6.11 Disclosures. Each Partner shall furnish to the Partnership upon request any information or related documentation with respect to such Partner reasonably determined by the General Partner to be necessary or appropriate in connection with the formation, operation, Dissolution, winding-up, or Termination of the Partnership. Without limitation on the preceding sentence, as requested by the General Partner, each Partner shall furnish such information and related documentation (including duly executed governmental forms) regarding such Partner and the ultimate beneficial ownership and management of such Partner as is reasonably necessary or appropriate for the General Partner, the Partnership, Blockstack and their respective Affiliates to comply with applicable governmental reporting requirements and FATCA Rules as well as “know your customer,” “anti-money laundering” and similar rules.
6.12 LP Advisory Committee.
(a) Membership. No later than six months after the date hereof, the General Partner shall establish on behalf of the Partnership and Blockstack AI Fund an “LP Advisory Committee” composed of Limited Partners (or their designated representatives), limited partners of Blockstack AI Fund and other designees of the General Partner, consisting of at least 3 but no more than 9 members, each appointed by the General Partner; provided that at least a majority of the members of the LP Advisory Committee shall be designees of the General Partner who are not Limited Partners (or their designated representatives); provided further that the LP Advisory Committee will always be composed of an odd number of members. A member of the LP Advisory Committee serving as the designated representative of a Limited Partner shall be deemed an agent of such Limited Partner when acting in such capacity. With regard to a Person that is not a Limited Partner, the General Partner may condition such Person’s appointment to the LP Advisory Committee upon such Person’s execution of an agreement to: (i) protect the confidentiality, and limit use, of Confidential Information in the same manner as a Limited Partner; and (ii) make such other acknowledgments for the protection of the Partnership as the General Partner shall reasonably determine to be appropriate. Any member of the LP Advisory Committee may, at any time, resign from the LP Advisory Committee or be removed, with or without cause, by the General Partner. All such appointments, designations, resignations, and removals shall be effective upon notice to the Partnership.
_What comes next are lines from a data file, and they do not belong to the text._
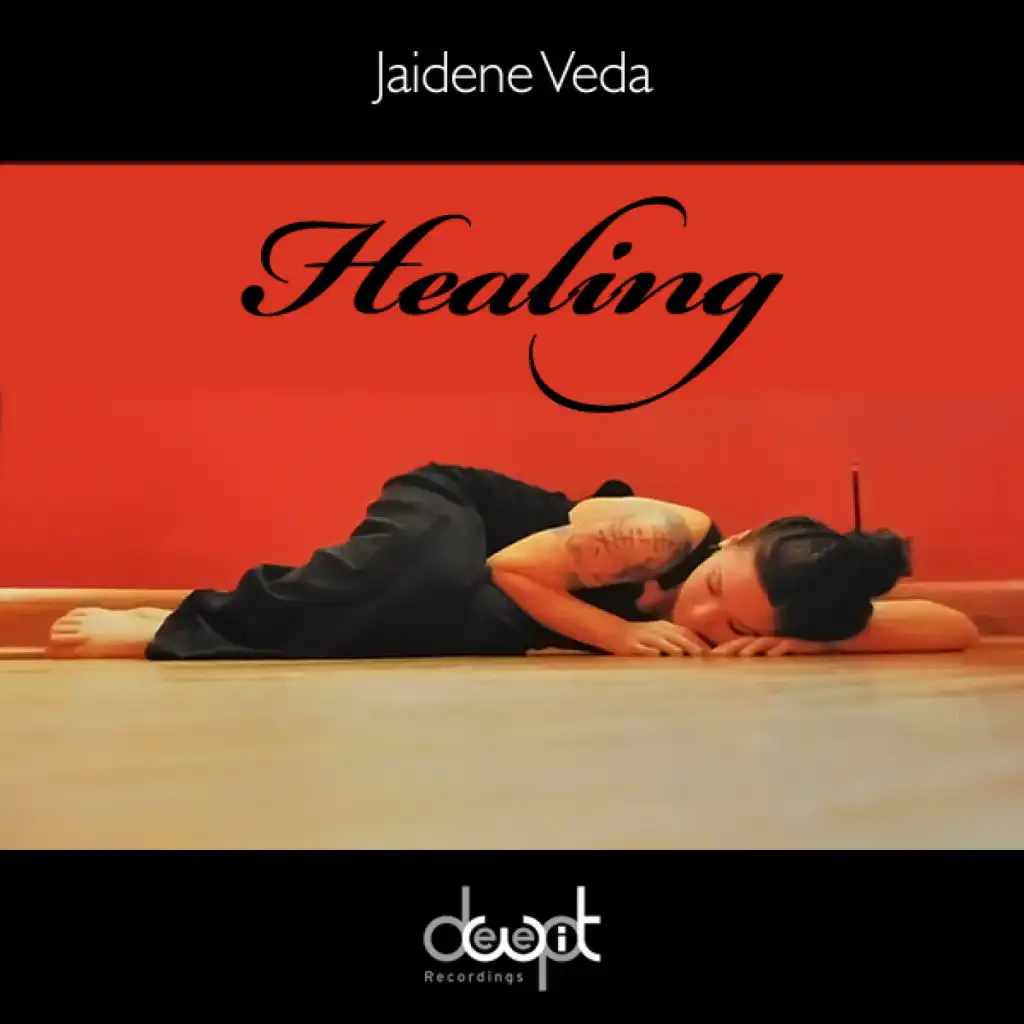 Healing (Veda Vocal) [feat. Pete Mo]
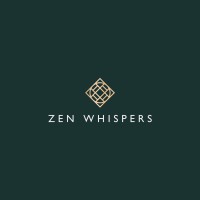 Zen Whispers logo, Zen Whispers contact details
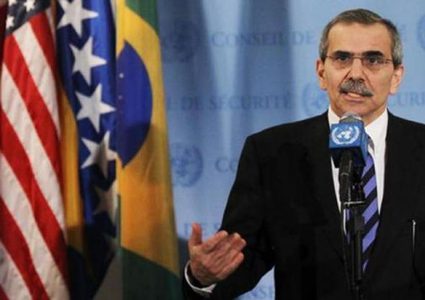 تنصيب اللبناني نواف سلام قاضٍ في محكمة العدل الدولية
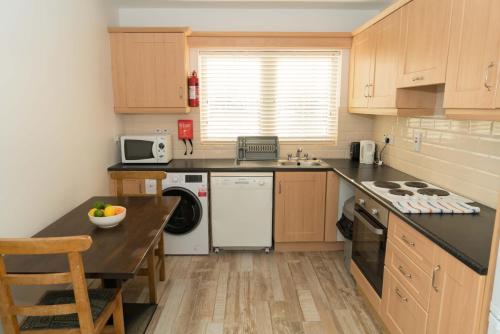glancys accommodation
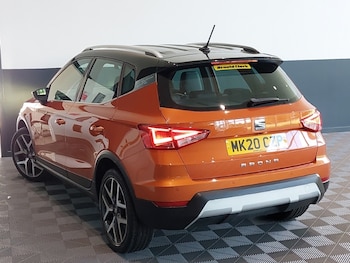 Used SEAT Arona 2020 for sale - 76078503: Photo 3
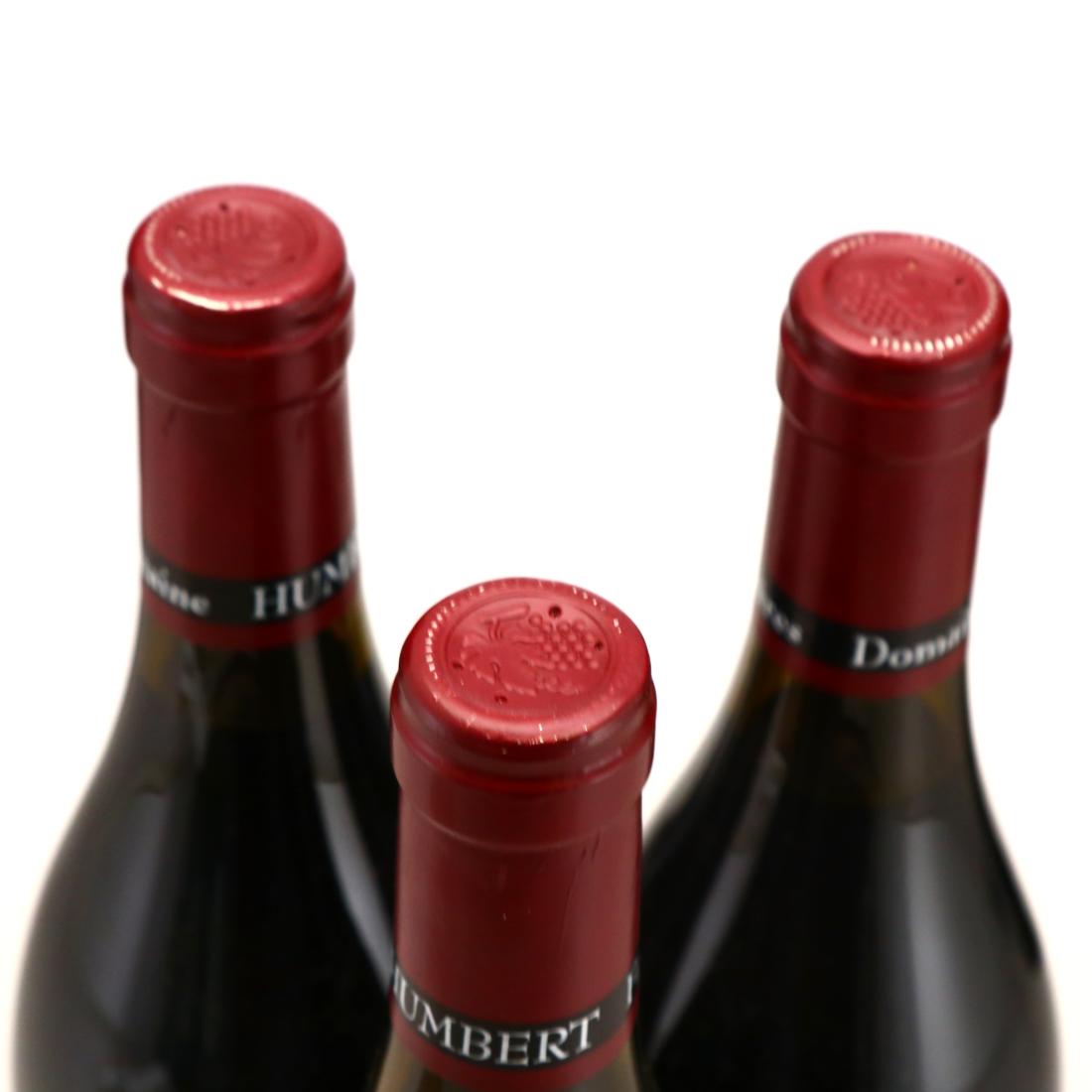 Image for Dom. Humbert Estournelles St Jacques 2004 Gevrey-Chambertin 1er-Cru
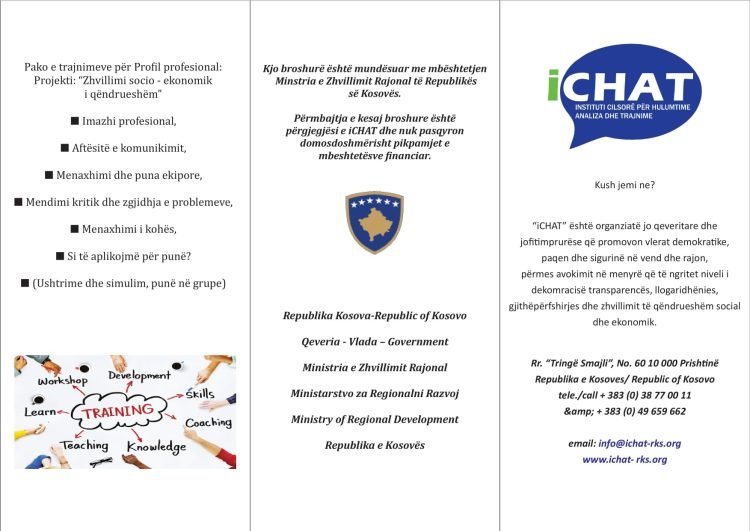 Zhvillimi Socio-ekonomik i qëndrueshëm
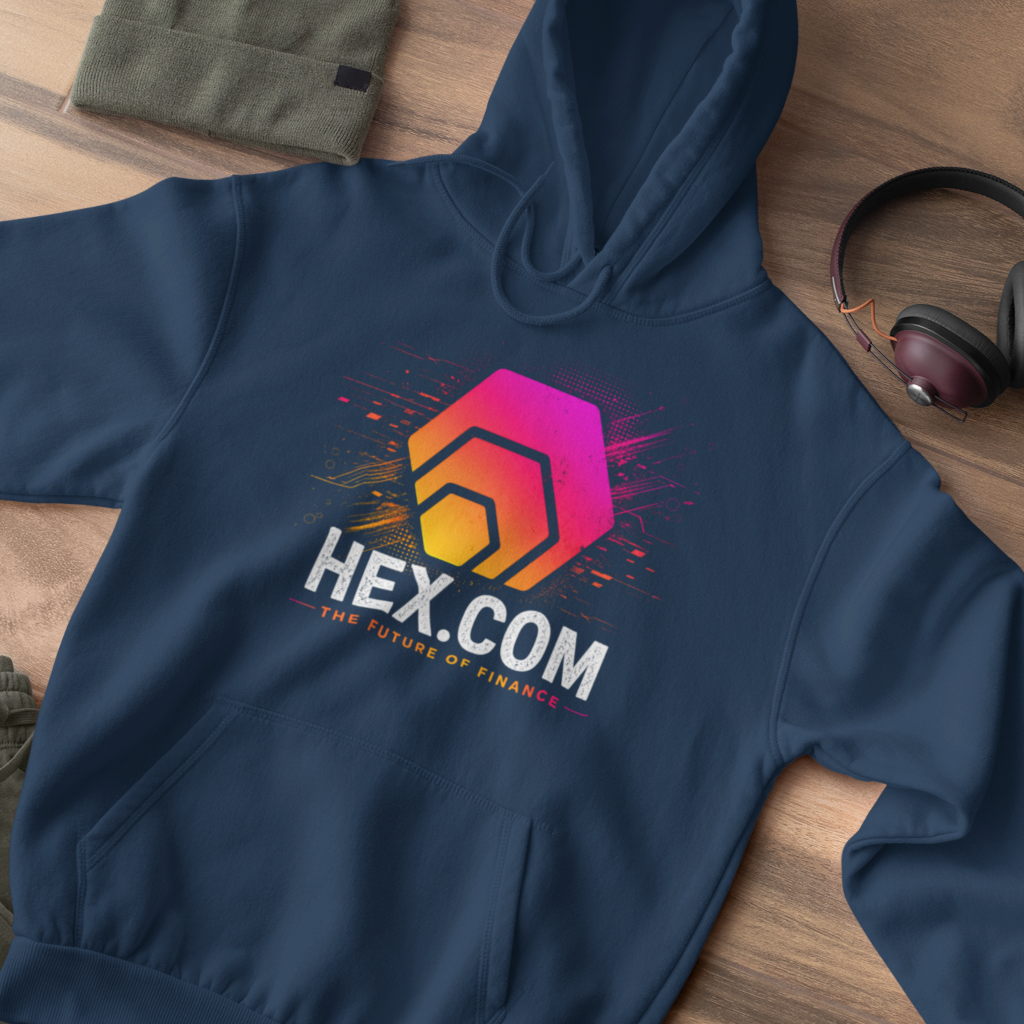 HEX - Hoodie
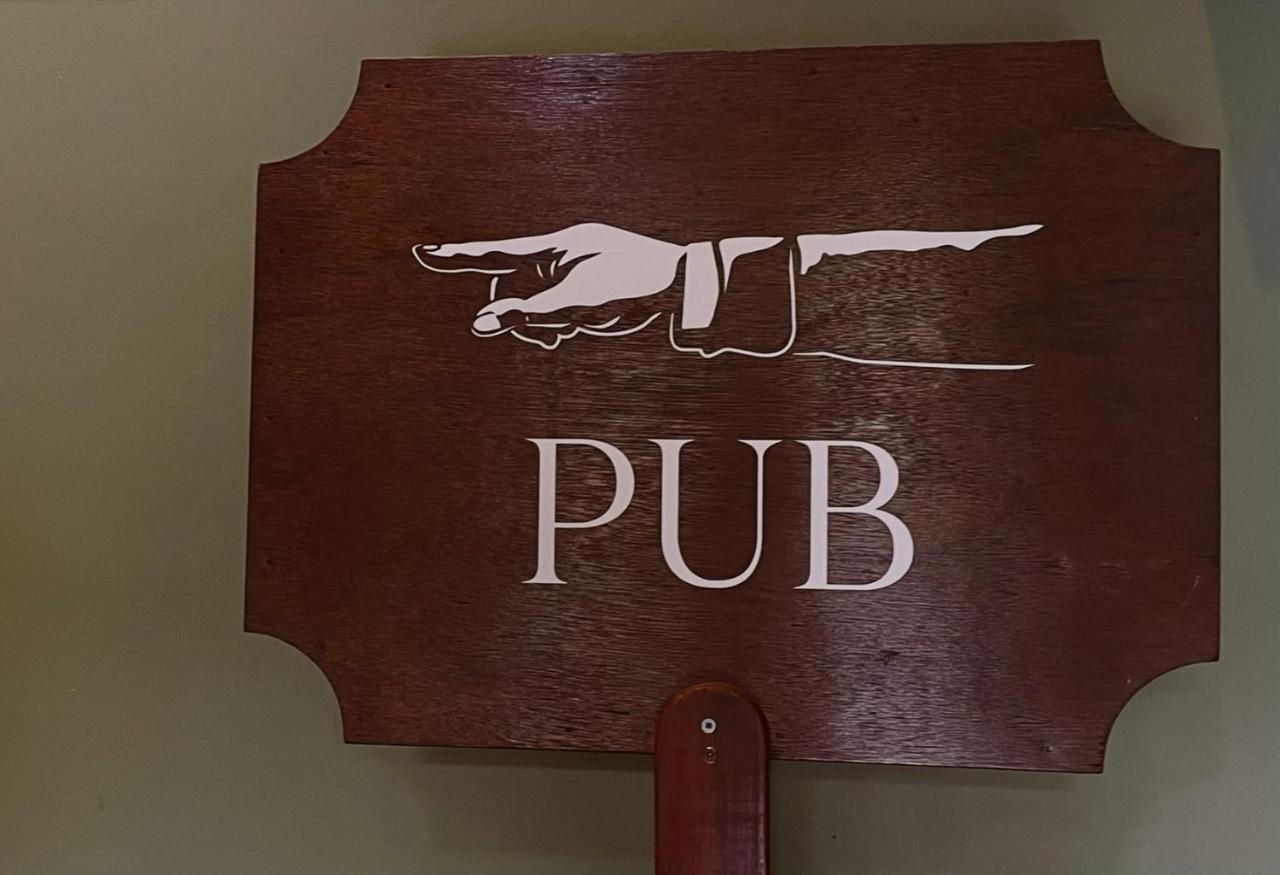 Alpine Hotel, Eat Drink Sleep Warburton Ngoại thất bức ảnh
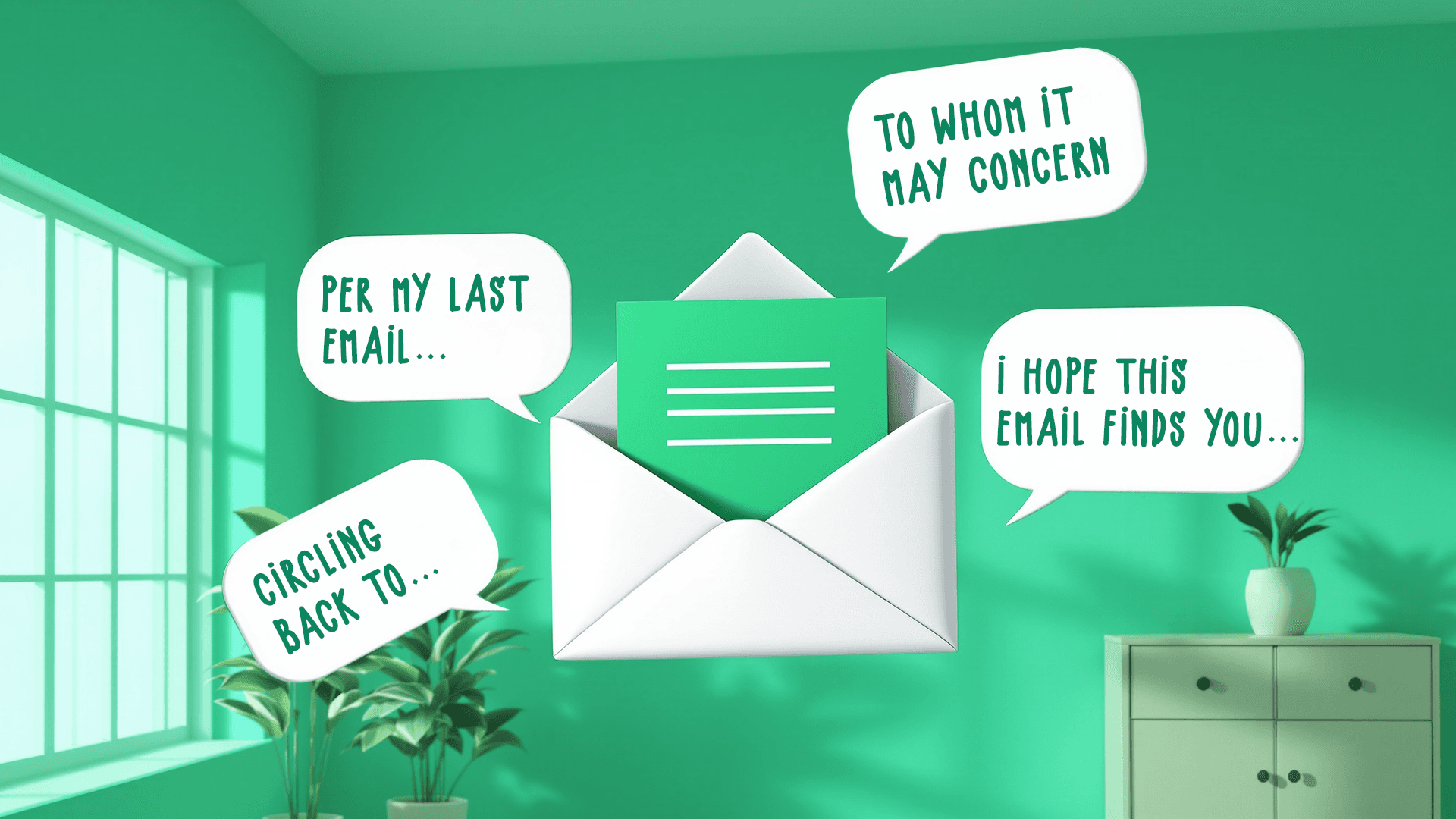 10 Email Mistakes AI Fixes Instantly (And How to Avoid Them)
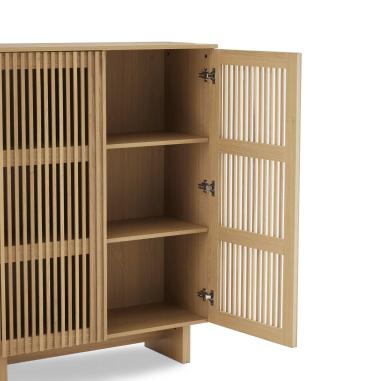 Aparador Alto Lugano | Relax Muebles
To the fullest extent permitted by law, neither any member of the LP Advisory Committee nor any Limited Partner appointing such member will be deemed a fiduciary of the Partnership or any Partner, the members of the LP Advisory Committee may consider their own interests, and neither any member of the LP Advisory Committee nor any Limited Partner appointing such member will have any fiduciary duties to the Partnership or any Partner. For the avoidance of doubt, the LP Advisory Committee shall be the same committee as the “LP Advisory Committee” referred to in the Amended and Restated Limited Partnership Agreement of Blockstack AI Fund, as amended and/or restated from time to time, and all determinations of the LP Advisory Committee as to whether the First Milestone or the Second Milestone has been achieved shall be the same for the Partnership and Blockstack AI Fund.
(b) Voting. Any recommendation, determination, approval or other action of the LP Advisory Committee shall require the approval of a majority of its members. Any determination or approval of the LP Advisory Committee will be conclusively binding on all Limited Partners. The LP Advisory Committee will meet on or before each of the First Evaluation Date and the Second Evaluation to determine whether the First Milestone or the Second Milestone, respectively, has been met. Except as provided in the previous sentence, no such action shall require an actual meeting of the LP Advisory Committee. However, meetings may be held at the request of the General Partner or any member of the LP Advisory Committee, and any meeting of the LP Advisory Committee will require similar procedures with respect to notification, provision of documents, and required timing for follow-up written consent as apply to meetings of the Limited Partners pursuant to Section 10.1. Any member of the LP Advisory Committee may, in its sole discretion, decline to participate in any specific deliberation or vote of the LP Advisory Committee.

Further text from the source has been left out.